*Work order*
Please print the full listing below exactly, but not the pictures in it.

*Dataset content*
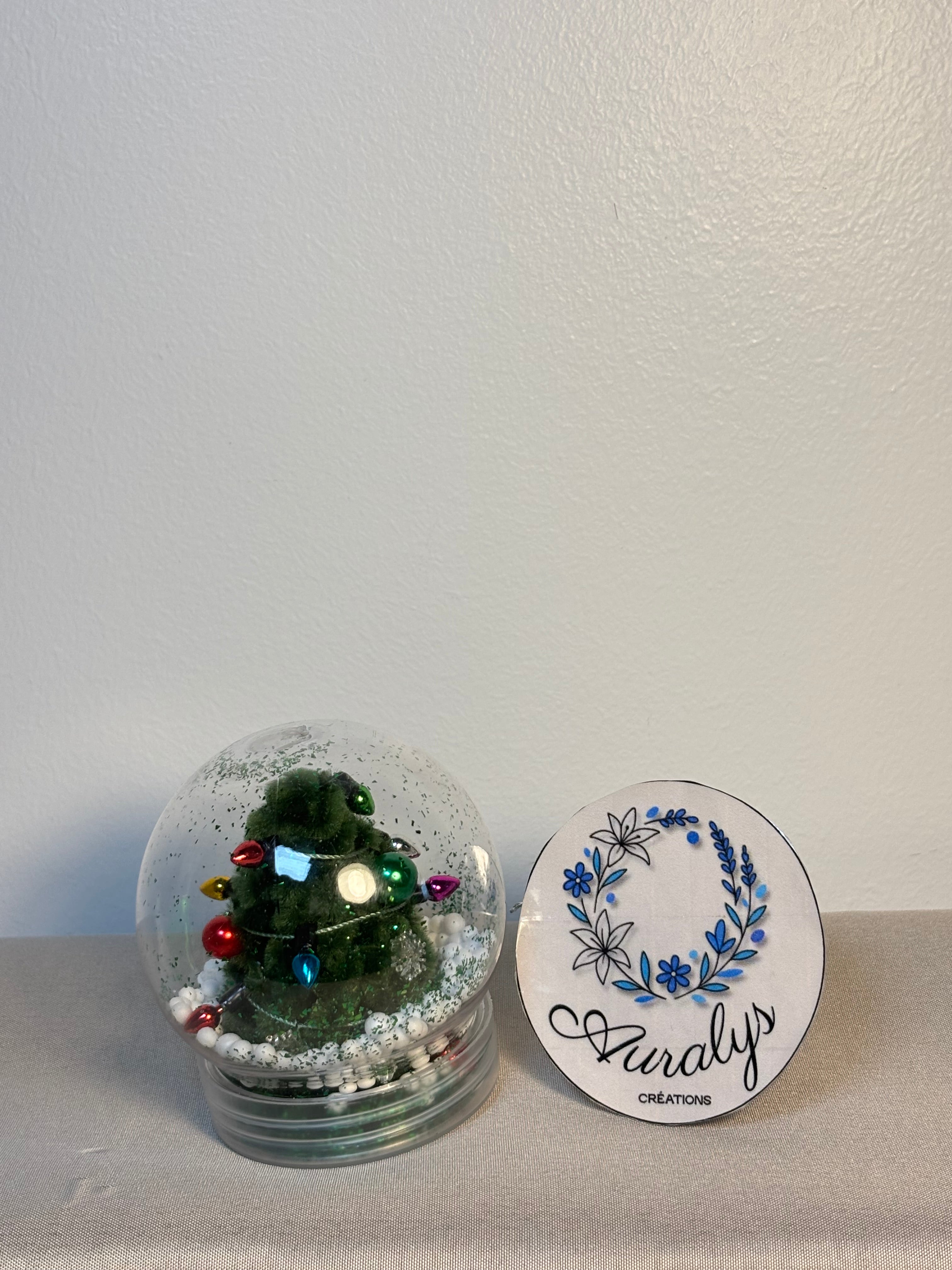 Boule à neige de Noël décorative – Faite main avec scène festive Auralys Créations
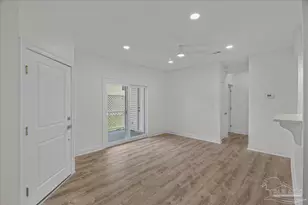 601 E Burgess Rd, Pensacola, FL 32504 - Photo 15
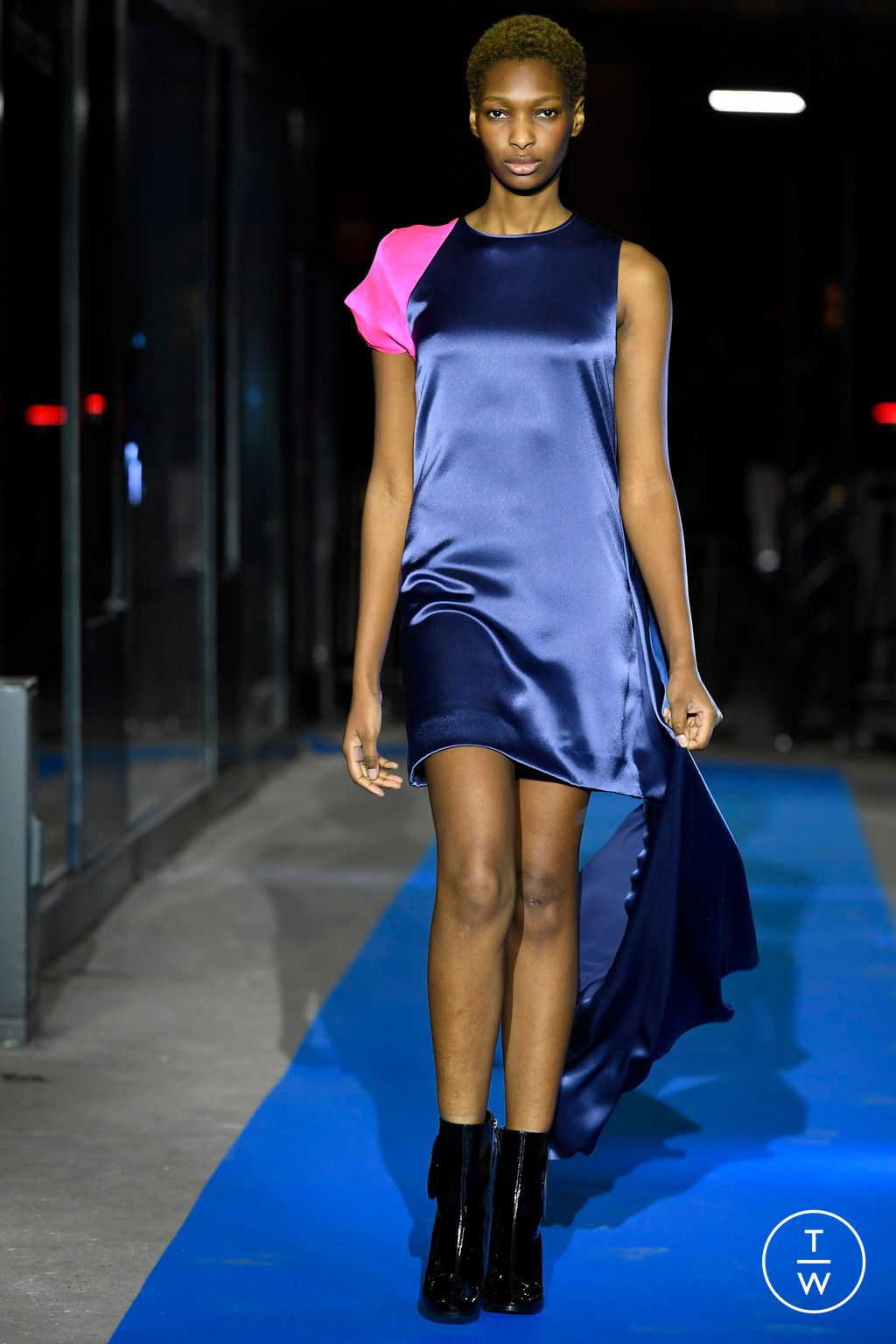 Fashion Week Paris Fall/Winter 2023 look 39 de la collection Pierre Cardin womenswear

*Written answer*
 Boule à neige de Noël décorative – Faite main avec scène festive Auralys Créations
 601 E Burgess Rd, Pensacola, FL 32504 - Photo 15
 Fashion Week Paris Fall/Winter 2023 look 39 de la collection Pierre Cardin womenswear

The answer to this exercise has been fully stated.